To recap, Mr. Fabricant was a state inmate who claimed an earned income tax credit (EITC) on his Federal income tax return for 2013. This attracted the IRS' attention, as amounts received for work as an inmate do not qualify as earned income for EITC purposes. (Doc. 8, Ex. 1a.) Mr. Fabricant attempted to explain in a letter dated August 22, 2018, that the income on which he relied stemmed from the use of certain of his vehicles by third parties while he was in prison. (Doc. 8, Ex. 1.) The IRS was unconvinced and thereafter issued a notice of deficiency, which Mr. Fabricant challenged in this Court. (Doc. 14, Ex. A.)
During the discovery process, Mr. Fabricant sent a letter explaining in more detail his arrangement regarding the use of his vehicles during his incarceration, as well as the compensation he received. (Doc. 54, Ex. E.) The Commissioner subsequently conceded the case. (Id. at 5.)

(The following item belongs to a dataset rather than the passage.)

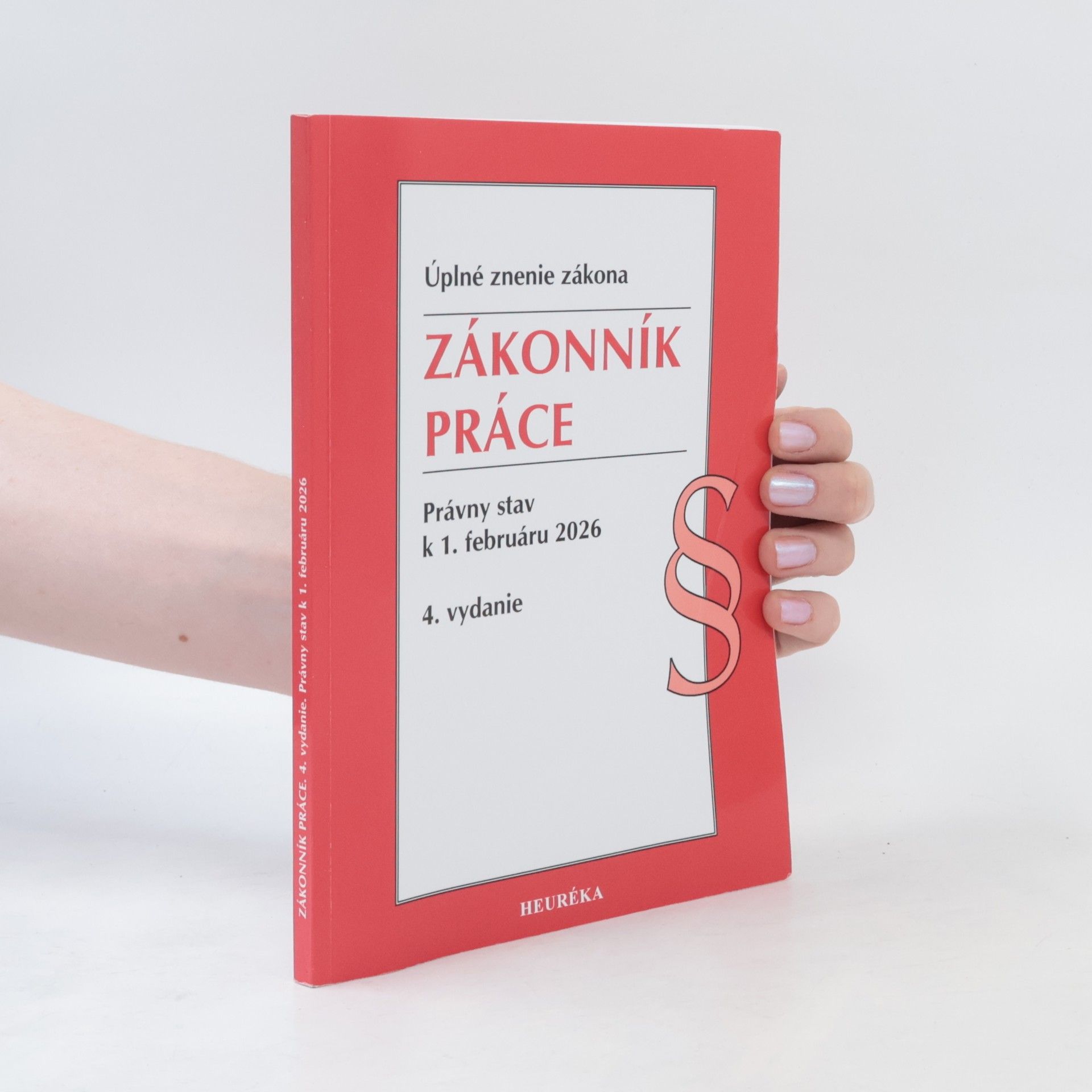 Autorenkollektiv Zákonník práce - Úplné znenie zákona. Právny stav k 1. februáru 2026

The Commissioner thereafter moved for entry of decision consistent with his concession (Doc. 47), while Mr. Fabricant moved for administrative and litigation costs totaling $64.52 (Doc. 52). After permitting the Commissioner to respond to Mr. Fabricant's motion (Doc. 54), on July 15, 2021, we granted the Commissioner's motion and denied that of Mr. Fabricant, explaining that the Commissioner's position was substantially justified based on the information available to him at the time (Doc. 55). Despite not being directed by the Court to file a reply, Mr. Fabricant did so on July 9, 2021 (Doc. 55), although the Court did not docket the reply until after the Order and Decision was entered.
In his motion to vacate, Mr. Fabricant argues that we erred by failing to take into account his reply and by misstating the amount at issue in his motion for costs. (Doc. 58 at 1-2.) The disposition of a Rule 162 motion to vacate or revise a decision rests within the Court's discretion, and such motions will generally be granted only upon a showing of unusual circumstances or substantial error, e.g., mistake, inadvertence, surprise, excusable neglect, newly discovered evidence, fraud, or other reasons justifying relief. See Taylor v. Commissioner, T.C. Memo. 2017-212, at *7-*8, aff'd, 731 Fed.Appx. 239 (4th Cir. 2018); see also Rule 1(b); Fed.R.Civ.P. 60(b); Brewer v. Commissioner, T.C. Memo. 2005-10, 2005 WL 151976, at *1-*2.
Mr. Fabricant fails to show evidence of unusual circumstances or substantial error that would justify vacating our decision. As an initial matter, Mr. Fabricant was not entitled to a reply pleading either by right under our Rules or by specific order in this case. We thus acted well within our discretion in denying his motion and entering the decision prior to the docketing of his unexpected reply. See Rule 50(b).
In any event, the Court's Order and Decision considered and rejected the argument that Mr. Fabricant raised in his reply, viz., that Mr. Fabricant's August 22, 2018, letter precluded a finding that the Commissioner's position in this case was substantially justified. (Doc. 56 at 2-3.) Although we explicitly reviewed the contents of the August letter (Doc. 55 at 2), we were unpersuaded that the letter (lacking any substantiation) sufficed to render the Commissioner's position in his answer untenable (id. at 2-3). To the contrary, we concluded that the Commissioner's position had a reasonable basis in fact and law until Mr. Fabricant provided additional explanation in discovery, at which time the Commissioner conceded the case. (Id. at 3.) In short, we see neither unusual circumstances nor substantial error in this regard.
The incorrect statement of the cost amount sought by Mr. Fabricant in his motion likewise does not rise to the level of substantial error. Although the Order and Decision incorrectly stated that Mr. Fabricant sought $51.01 rather than $64.52, this error has no significance given the denial of Mr. Fabricant's motion.
Upon consideration of the foregoing, it is
ORDERED that petitioner's motion to vacate or revise pursuant to Rule 162, filed August 16, 2021, is denied.